Magnetism and anomalous transport in the Weyl semimetal PrAlGe: Possible route to axial gauge fields
D. Destraz, L. Das, S.S. Tsirkin, Y. Xu, T. Neupert, J. Chang, A., Schilling, A.G. Grushin, J. Kohlbrecher, L. Keller, P. Puphal, E., Pomjakushina, J.S. White

TL;DR
This paper investigates the magnetic Weyl semimetal PrAlGe, demonstrating how its magnetic properties influence anomalous transport phenomena and proposing nanoscale magnetic textures as a route to axial gauge fields for Weyl fermions.
Contribution
It experimentally links ferromagnetism in PrAlGe to anomalous Hall and Nernst effects and suggests magnetic textures as a means to realize tunable axial gauge fields.
Findings
PrAlGe exhibits large anomalous Hall and Nernst effects consistent with first-principles calculations.
Magnetic fields can connect to Weyl nodes via Pr magnetization in PrAlGe.

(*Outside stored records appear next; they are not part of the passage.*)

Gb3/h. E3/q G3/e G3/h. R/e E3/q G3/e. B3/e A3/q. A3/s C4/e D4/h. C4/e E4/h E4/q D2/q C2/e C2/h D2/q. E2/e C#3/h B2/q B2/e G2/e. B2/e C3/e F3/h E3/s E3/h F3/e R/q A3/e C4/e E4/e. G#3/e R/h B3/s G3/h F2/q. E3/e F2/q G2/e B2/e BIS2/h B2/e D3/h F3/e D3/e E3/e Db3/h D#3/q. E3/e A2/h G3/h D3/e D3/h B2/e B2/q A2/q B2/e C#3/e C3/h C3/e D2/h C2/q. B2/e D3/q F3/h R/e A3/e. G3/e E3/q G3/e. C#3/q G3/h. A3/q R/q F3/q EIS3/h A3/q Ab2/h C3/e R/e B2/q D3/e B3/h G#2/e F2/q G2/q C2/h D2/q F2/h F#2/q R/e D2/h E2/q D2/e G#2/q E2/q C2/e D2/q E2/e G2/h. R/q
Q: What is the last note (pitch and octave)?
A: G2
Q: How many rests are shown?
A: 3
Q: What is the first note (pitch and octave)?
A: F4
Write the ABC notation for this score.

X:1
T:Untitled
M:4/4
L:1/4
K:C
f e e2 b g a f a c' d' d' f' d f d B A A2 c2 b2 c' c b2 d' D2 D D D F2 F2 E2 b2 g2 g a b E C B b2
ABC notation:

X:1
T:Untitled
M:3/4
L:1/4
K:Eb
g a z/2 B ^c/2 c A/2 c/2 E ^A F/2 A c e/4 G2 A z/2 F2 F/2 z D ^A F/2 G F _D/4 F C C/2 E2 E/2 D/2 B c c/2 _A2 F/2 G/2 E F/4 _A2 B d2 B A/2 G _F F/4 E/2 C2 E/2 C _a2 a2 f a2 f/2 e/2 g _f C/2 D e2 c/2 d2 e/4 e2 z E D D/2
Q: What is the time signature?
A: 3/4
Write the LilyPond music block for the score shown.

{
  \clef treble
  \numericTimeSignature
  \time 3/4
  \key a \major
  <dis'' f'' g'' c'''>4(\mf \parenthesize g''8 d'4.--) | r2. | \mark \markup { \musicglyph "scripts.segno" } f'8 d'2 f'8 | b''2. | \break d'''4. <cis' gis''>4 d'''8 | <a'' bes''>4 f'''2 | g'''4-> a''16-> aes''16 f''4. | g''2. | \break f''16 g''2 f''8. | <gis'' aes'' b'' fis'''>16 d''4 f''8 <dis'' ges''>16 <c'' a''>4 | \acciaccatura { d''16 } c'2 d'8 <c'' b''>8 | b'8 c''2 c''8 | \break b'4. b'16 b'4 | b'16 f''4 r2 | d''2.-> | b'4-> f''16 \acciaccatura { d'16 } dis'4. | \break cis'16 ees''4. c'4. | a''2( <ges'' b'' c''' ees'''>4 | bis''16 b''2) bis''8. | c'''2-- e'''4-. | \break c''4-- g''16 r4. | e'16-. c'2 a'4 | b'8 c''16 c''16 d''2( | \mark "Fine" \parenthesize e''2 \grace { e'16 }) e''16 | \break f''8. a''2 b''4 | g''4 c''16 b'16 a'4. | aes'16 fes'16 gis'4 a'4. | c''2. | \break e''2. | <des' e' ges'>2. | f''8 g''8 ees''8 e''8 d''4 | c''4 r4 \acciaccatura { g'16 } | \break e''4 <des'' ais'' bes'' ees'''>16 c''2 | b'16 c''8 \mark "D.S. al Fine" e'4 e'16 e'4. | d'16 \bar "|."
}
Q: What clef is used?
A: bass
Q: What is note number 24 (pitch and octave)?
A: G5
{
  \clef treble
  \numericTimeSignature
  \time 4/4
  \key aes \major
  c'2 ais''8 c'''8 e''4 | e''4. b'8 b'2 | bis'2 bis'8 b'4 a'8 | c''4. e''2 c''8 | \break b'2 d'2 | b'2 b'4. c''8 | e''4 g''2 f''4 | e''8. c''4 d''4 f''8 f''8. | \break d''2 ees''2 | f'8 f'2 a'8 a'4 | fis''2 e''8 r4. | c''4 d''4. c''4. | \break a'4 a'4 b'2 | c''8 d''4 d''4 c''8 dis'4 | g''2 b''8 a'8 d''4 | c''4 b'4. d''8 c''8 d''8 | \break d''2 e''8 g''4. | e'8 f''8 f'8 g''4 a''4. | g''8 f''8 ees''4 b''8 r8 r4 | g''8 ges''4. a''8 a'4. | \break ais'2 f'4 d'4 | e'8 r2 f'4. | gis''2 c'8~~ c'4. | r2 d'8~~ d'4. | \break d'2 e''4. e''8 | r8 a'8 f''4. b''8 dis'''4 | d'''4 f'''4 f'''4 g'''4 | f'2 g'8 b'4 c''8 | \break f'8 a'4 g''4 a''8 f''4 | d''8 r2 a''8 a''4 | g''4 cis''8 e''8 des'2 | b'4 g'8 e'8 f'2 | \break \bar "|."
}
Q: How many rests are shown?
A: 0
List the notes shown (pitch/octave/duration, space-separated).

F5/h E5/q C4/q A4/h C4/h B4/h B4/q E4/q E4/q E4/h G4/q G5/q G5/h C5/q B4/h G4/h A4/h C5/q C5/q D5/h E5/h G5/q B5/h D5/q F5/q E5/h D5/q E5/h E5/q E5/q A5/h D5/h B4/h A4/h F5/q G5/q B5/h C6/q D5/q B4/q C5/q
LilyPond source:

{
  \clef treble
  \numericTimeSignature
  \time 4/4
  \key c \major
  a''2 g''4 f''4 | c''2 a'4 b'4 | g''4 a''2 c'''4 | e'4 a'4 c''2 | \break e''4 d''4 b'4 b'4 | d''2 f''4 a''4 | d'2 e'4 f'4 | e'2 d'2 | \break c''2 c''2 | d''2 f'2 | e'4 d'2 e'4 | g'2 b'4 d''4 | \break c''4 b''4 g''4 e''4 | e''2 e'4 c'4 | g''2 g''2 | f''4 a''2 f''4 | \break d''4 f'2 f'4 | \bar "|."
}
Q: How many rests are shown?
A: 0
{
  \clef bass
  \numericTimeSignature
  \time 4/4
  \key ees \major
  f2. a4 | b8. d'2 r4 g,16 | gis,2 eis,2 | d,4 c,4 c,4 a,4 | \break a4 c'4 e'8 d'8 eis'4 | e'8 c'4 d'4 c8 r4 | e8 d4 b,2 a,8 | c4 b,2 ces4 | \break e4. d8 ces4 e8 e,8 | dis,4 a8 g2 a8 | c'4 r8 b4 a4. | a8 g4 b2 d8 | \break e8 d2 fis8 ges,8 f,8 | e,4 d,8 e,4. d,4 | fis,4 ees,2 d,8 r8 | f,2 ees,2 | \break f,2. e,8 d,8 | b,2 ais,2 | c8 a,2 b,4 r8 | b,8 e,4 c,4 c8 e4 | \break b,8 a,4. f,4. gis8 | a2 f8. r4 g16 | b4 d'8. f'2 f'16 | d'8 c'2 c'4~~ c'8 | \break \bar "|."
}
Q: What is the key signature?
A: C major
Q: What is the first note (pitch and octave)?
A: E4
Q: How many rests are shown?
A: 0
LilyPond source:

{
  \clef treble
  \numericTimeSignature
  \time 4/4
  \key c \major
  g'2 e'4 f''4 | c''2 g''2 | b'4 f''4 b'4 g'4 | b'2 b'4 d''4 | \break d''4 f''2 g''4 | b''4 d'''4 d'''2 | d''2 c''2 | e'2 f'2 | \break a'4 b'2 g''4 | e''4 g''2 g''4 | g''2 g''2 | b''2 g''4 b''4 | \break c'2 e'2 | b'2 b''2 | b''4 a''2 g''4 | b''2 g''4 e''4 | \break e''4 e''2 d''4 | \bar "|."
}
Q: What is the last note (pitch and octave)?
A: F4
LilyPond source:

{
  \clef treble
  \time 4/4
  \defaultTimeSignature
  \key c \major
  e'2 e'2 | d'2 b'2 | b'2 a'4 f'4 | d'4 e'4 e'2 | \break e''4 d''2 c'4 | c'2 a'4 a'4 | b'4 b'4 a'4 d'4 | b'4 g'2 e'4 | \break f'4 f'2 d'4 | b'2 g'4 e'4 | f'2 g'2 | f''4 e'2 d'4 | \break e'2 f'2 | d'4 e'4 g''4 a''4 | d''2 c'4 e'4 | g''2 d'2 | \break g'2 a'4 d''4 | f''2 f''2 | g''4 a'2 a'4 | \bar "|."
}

Nanoscale magnetic textures may serve as local platforms for axial gauge fields.
Abstract
In magnetic Weyl semimetals, where magnetism breaks time-reversal symmetry, large magnetically sensitive anomalous transport responses are anticipated that could be useful for topological spintronics. The identification of new magnetic Weyl semimetals is therefore in high demand, particularly since in these systems Weyl node configurations may be easily modified using magnetic fields. Here we explore experimentally the magnetic semimetal PrAlGe, and unveil a direct correspondence between easy-axis Pr ferromagnetism and anomalous Hall and Nernst effects. With sizes of both the anomalous Hall conductivity and Nernst effect in good quantitative agreement with first principles calculations, we identify PrAlGe as a system where magnetic fields can connect directly to Weyl nodes via the Pr magnetization. Furthermore, we find the predominantly easy-axis ferromagnetic ground state co-exists…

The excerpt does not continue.